Let’s walk through two clean approaches to validate if a binary tree is a BST — using recursion and in-order traversal.
✅ Approach 1: Recursion with Min/Max Bounds
🧠 Intuition
As we recursively visit each node, we carry down the range of valid values.
For example:
- For left children: the value must be < current node
- For right children: the value must be > current node
We keep narrowing the valid range (min, max) as we go deeper.
📦 Code
var isValidBST = function (root) {
    function validate(node, min, max) {
        if (!node) return true;
        if ((min !== null && node.val <= min) || (max !== null && node.val >= max)) {
            return false;
        }
        return validate(node.left, min, node.val) &&
               validate(node.right, node.val, max);
    }
    return validate(root, null, null);
};
⏱️ Time Complexity
- O(n): We visit every node once.
📦 Space Complexity
- 
O(h): his the height of the tree (stack depth during recursion).- 
O(log n)for balanced tree,O(n)for skewed tree.
 
- 
✅ Approach 2: In-order Traversal Check
🧠 Intuition
In-order traversal of a valid BST gives a strictly increasing sequence.

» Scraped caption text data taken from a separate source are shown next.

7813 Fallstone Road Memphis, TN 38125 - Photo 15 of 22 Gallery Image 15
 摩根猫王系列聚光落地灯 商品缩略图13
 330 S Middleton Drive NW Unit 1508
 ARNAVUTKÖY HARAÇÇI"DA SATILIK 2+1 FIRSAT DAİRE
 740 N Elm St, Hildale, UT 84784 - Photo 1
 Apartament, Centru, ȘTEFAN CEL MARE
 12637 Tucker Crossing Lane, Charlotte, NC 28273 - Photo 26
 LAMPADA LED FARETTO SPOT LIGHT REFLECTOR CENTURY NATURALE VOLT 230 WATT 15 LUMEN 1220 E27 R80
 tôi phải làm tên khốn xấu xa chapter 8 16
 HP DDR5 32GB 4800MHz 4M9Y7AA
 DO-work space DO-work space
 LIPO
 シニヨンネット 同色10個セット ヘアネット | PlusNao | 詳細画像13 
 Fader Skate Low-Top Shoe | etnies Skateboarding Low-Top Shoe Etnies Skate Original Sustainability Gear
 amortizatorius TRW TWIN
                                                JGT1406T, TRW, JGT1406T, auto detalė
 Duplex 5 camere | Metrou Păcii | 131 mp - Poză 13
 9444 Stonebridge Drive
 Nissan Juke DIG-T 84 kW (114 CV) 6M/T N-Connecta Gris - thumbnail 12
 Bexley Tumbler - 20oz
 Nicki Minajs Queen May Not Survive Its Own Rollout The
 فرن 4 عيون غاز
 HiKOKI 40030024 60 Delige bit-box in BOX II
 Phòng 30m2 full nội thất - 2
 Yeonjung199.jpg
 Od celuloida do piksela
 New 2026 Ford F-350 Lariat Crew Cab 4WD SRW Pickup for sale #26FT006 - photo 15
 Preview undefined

So we do an in-order traversal and ensure that each node value is greater than the last one visited.
📦 Code
var isValidBST = function (root) {
    let prev = null;
    function inorder(node) {
        if (!node) return true;
        if (!inorder(node.left)) return false;
        if (prev !== null && node.val <= prev) {
            return false;
        }
        prev = node.val;
        return inorder(node.right);
    }
    return inorder(root);
};
⏱️ Time Complexity
- O(n): We traverse each node once.
📦 Space Complexity
- O(h): Recursion stack; same as above.
🧠 When to Use Which?
| Scenario | Use Approach | 
|---|---|
| You want to validate value ranges | Min/Max(Approach 1) | 
| You want a short & elegant check | In-order(Approach 2) | 
| Interview setting (quick & clean) | In-order is great for impressing 😄 | 
🧪 Bonus Tip: No Duplicates!
Both methods assume that no duplicate values are allowed in the BST.
That's why we check for strictly less/greater, not <= or >=.